The love of adventure runs deep in Wingate’s blood. As a lieutenant, ordered to proceed from England to the Sudan, he crossed Europe via the Alps on a bicycle. Later he spent a long leave exploring the Libyan desert in search of the “Lost Oasis” mentioned in an ancient Arab ballad. lie is a natural-born guerrilla fighter — fearless, inexhaustible, always alive to the unexpected. In Palestine in 1938 he was awarded the D.S.O. — to which he has since added two bars — for leading the night patrols that cleared the country of Axissubsidized Arab terrorists. In Ethiopia he won the admiration and support of the tribesmen by a series of swashbuckling commando forays against vastly superior Italian forces.
Wingate’s conception of warfare is a fantastic combination of the primitive and the modern. “Nothing is so devastating,” he believes, “as to pounce upon the enemy in the dark, smite him hip and thigh, and vanish silently into the night.” Yet Wingate is the man responsible for introducing to guerrilla warfare a Wellsian brand of modern science.
Wingate is one of the few white men in this war who have succeeded in swaying the primitive native mind. He always carries with him a duplicating machine, a loud speaker, and a unit of specially trained native propagandists. At every village in Burma and Ethiopia he paused long enough to hand out leaflets and broadcast a manifesto framed in picturesque language. “The mysterious men who have come among you,” he told the Burmese, “can summon from afar great and mysterious powers of the air, and will rid you of the fierce, scowling Japanese.” The Burmese named him “Lord Protector of the Pagodas.” They kept mum about the movements of the Chindits and guided Wingate’s men over secret jungle trails. Without this cooperation the expedition would probably have been tracked down and annihilated.
The Ethiopian campaign was a typical Wingate show all the way — full of dash, surprise, and successful bluff. With only 1800 Sudanese and Ethiopian Askaris, a sprinkling of British officers and noncoms, two trench mortars, a few field guns, and virtually no air support, he stormed the first Italian strongholds in a series of rapier-like thrusts. Groups of fuzzy-haired Ethiopian irregulars — Wingate insisted they be called “Patriots” — rallied to his side. Altogether this half-pint army accounted for 40,000 Italians, killed or captured. In May, 1941, Wingate entered Addis Ababa on a white charger by the side of Haile Selassie.

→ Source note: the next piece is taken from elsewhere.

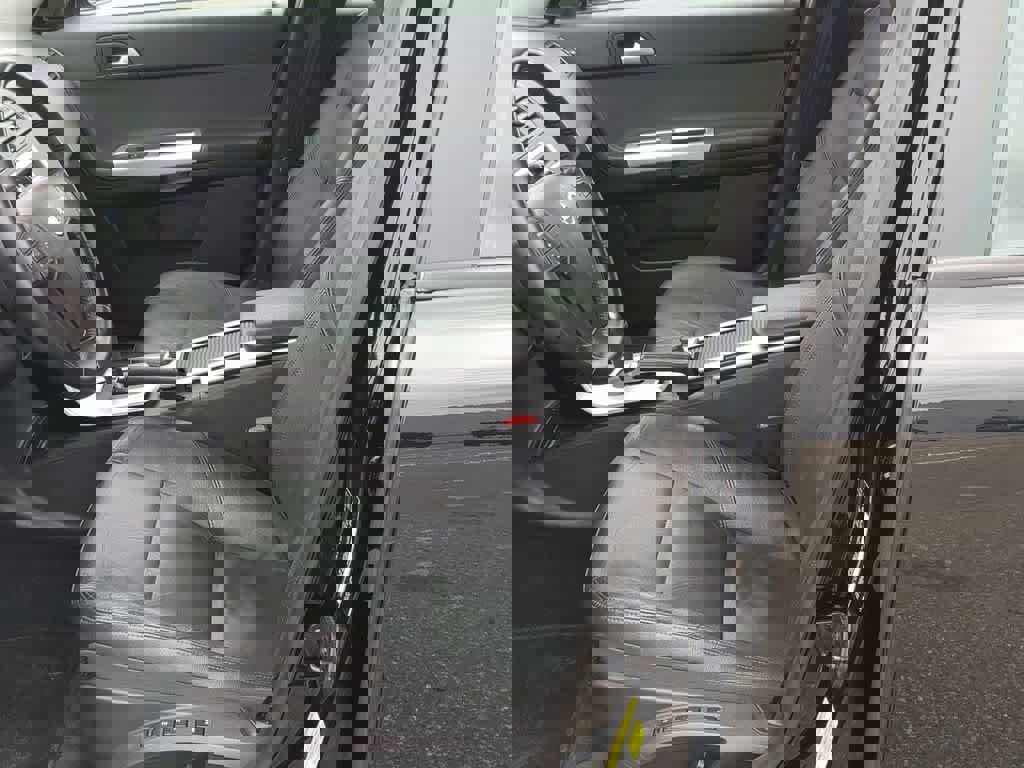 Used 2011 Volvo S40 T5 w/ Preferred Pkg FWD image 15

Field Marshal Wavell was so impressed that he summoned Wingate to India in 1942, raised him to the rank of Brigadier, and gave him a free hand to build up a raiding force that would be the vanguard of reconquest in Burma.
The Wingate expedition proved several things which have a vital bearing on the coming offensive in Burma. It showed that a large force could operate indefinitely in enemy territory without orthodox lines of communication, and be supplied entirely from the air. It revealed that the Japanese have outstayed their welcome in Burma; after twro years of Japanese intimidation, Burma’s fifth column is ready to change sides. The expedition justified Wingate’s boast that he could “make any man into a jungle fighter capable of coping with the best the Japanese have got,” and it gave the Allies a new insight into their Japanese enemy.
“The Japanese,” says Wingate, “is no superman. His operational schemes are the product of a thirdrate brain. But the individual soldiers are fanatics. Put one of them in a hole with 100 rounds of ammunition, and tell him to die for the Emperor — and he will do it. The way to deal with him is to leave him in his hole and go behind him.
“Jungle warfare demands great resourcefulness and endurance. The Japanese has tremendous endurance, but he cannot solve problems he has never faced before. We have proved that we can beat him on his own chosen ground.”